EXTRACTED INFORMATION START

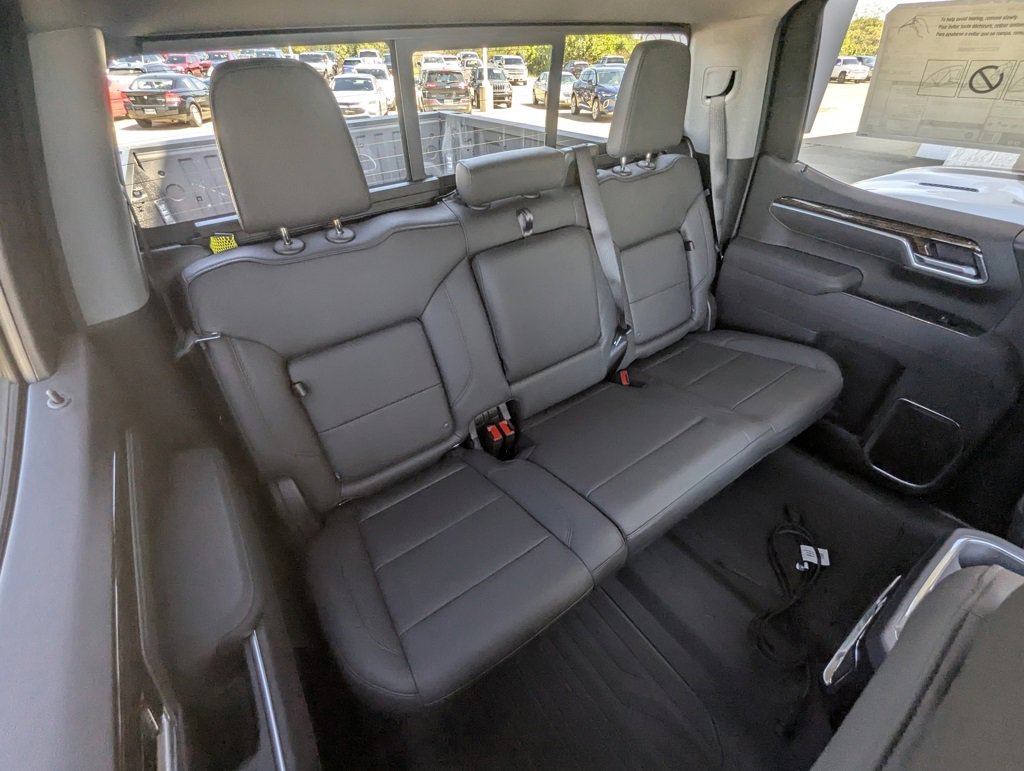 New 2026 GMC Sierra 1500 Elevation w/ Elevation Premium Package AWD/4WD image 18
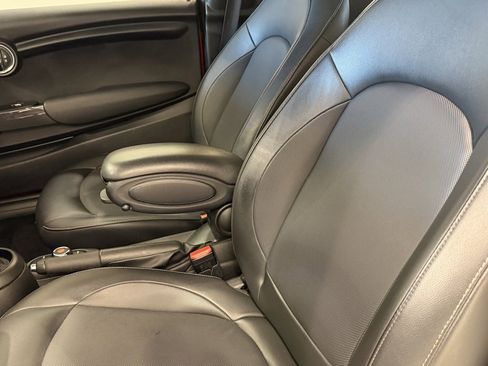 Used 2021 MINI Cooper 2-Door Hardtop image 11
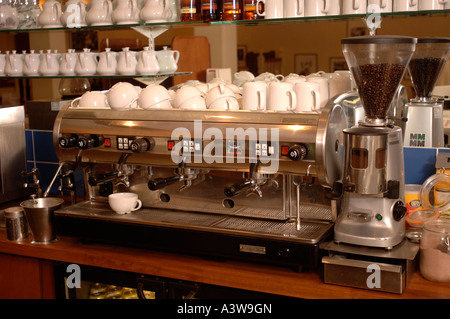 Una macchina per caffè IN UN BAR REGNO UNITO Foto Stock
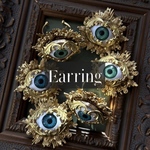 eyes staring at the light(イヤーアクセ)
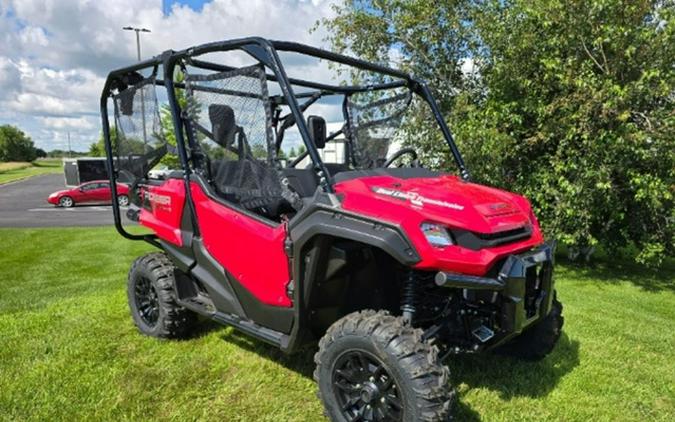 2024 Honda Pioneer 1000-5 Deluxe DELUXE AVENGER RED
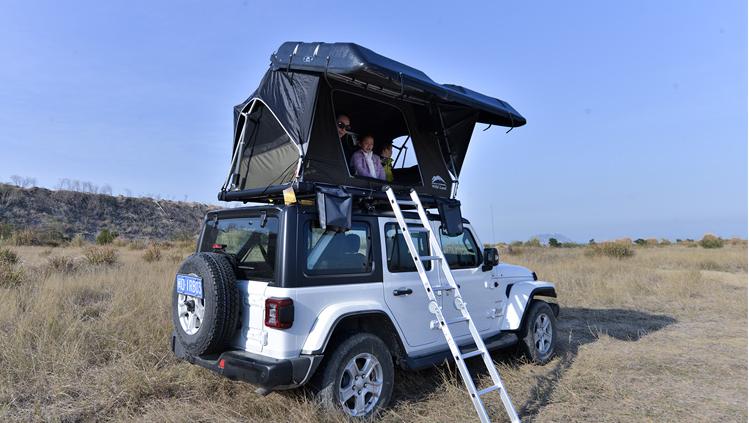 车顶帐篷一样可以开启诗和远方,把房车旅行玩得很精彩!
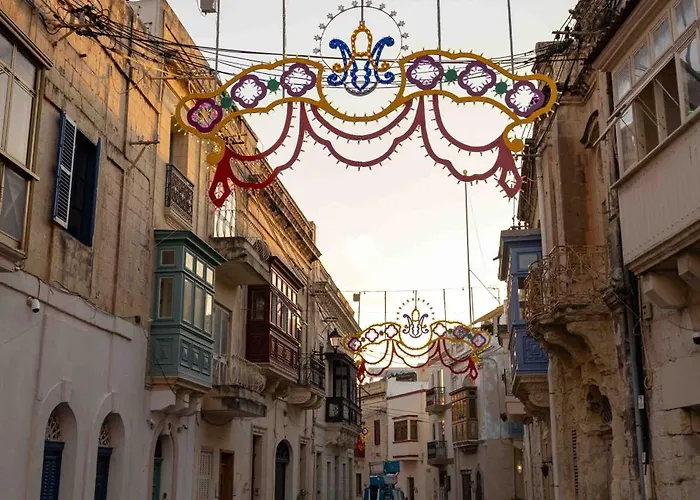 Villa Casa 4 Floor Townhouse And Private Pool Naxxar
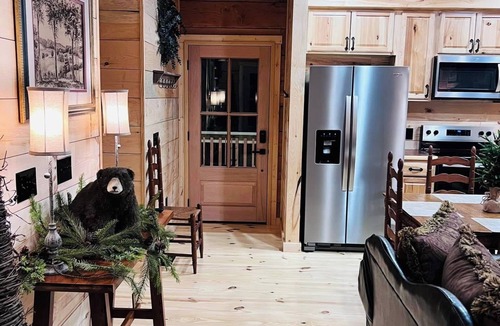 Tullahoma Cabin | 6BR 4bathroom 2-Cabin Retreat for 12 near Lake Ramp With large parking lot.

EXTRACTED INFORMATION END

### [WHAT IS EXPECTED]
Only an exact copy of the entries, with no pictures, is expected as the answer.

### [REPLY TO THE TASK]
 New 2026 GMC Sierra 1500 Elevation w/ Elevation Premium Package AWD/4WD image 18
 Used 2021 MINI Cooper 2-Door Hardtop image 11
 Una macchina per caffè IN UN BAR REGNO UNITO Foto Stock
 eyes staring at the light(イヤーアクセ)
 2024 Honda Pioneer 1000-5 Deluxe DELUXE AVENGER RED
 车顶帐篷一样可以开启诗和远方,把房车旅行玩得很精彩!
 Villa Casa 4 Floor Townhouse And Private Pool Naxxar
 Tullahoma Cabin | 6BR 4bathroom 2-Cabin Retreat for 12 near Lake Ramp With large parking lot.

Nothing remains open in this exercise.